Gerakan fundamentalisme—di manapun di semua agama—pada dasarnya sama saja: menjadikan agama sebagai kendaraan untuk meraih politik kekuasaan! Mereka umumnya tampil saleh di depan publik lengkap dengan aksesoris-aksesoris keagamaan, menunjukkan komitmen pada upaya mempertahankan nilai-nilai tradisional keagamaan (kekristenan, keislaman, keyahudian, kehinduan, dll), dan berpretensi sebagai satu-satunya “penjaga gawang” tradisi keagamaan. Untuk menunjukkan “komitmen” dan “kesatriaan” pada kelompok agamanya, mereka terkadang rela mengeluarkan kata-kata kotor dan kasar kepada “lawan agamanya.” Seperti ditulis professor Fuller Theological Seminary, J. Dudley Woodberry [Krabill, Shenk, Stutzman (eds.) 2005], Jerry Falwell dan Franklin Graham menyebut Islam sebagai “agama jahat dan amoral” (a very evil and wicked religion). Jerry Vine menyebut Nabi Muhammad sebagai “a demon-possessed pedophile”. Sementara Richard Cizik, wakil presiden Govermental Affairs of the National Association of Evangelicals yang membawahi 43.000 kongregasi Kristen menyebut Islam sebagai “kerajaan setan” yang menggantikan posisi Uni Soviet—sebuah cacian yang mendorong Akbar S Ahmed menulis buku Islam Under Siege.

Cacian yang sama juga dilontarkan para tokoh Islam militan-fundamentalis.
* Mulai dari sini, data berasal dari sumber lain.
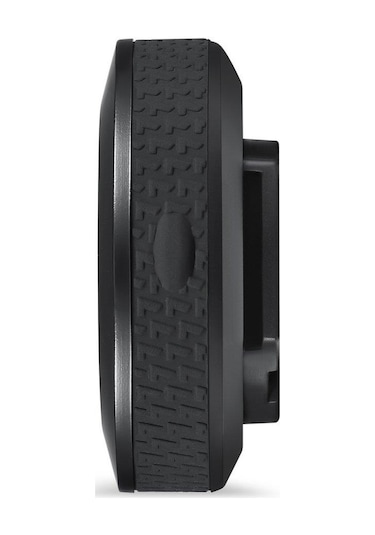 Kablosuz Bisiklet Km Hız Göstergesi Sayacı Su Geçirmez Lcd 4 Renk Yuvarlak Ekranlı Led Kilometre Saati Siyah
Kita masih ingat mendiang Khomeini menyebut AS sebagai “Setan besar” dan Israel sebagai “setan kecil.” Bagi saya, ungkapan-ungkapan bombastis ini aneh, mengingat pada saat yang sama Iran menjalin hubungan mesra dengan Uni Soviet dan negara komunis lain. Kata-kata kasar terhadap AS, Kristen, atau Yahudi juga dilontarkan Osama dan sindikatnya, yang juga lagi-lagi terasa aneh mengingat AS-lah mitra utama sekaligus “pencetak” Bin Laden, Taliban dan Mujahidin pada saat menggulingkan Uni Soviet! 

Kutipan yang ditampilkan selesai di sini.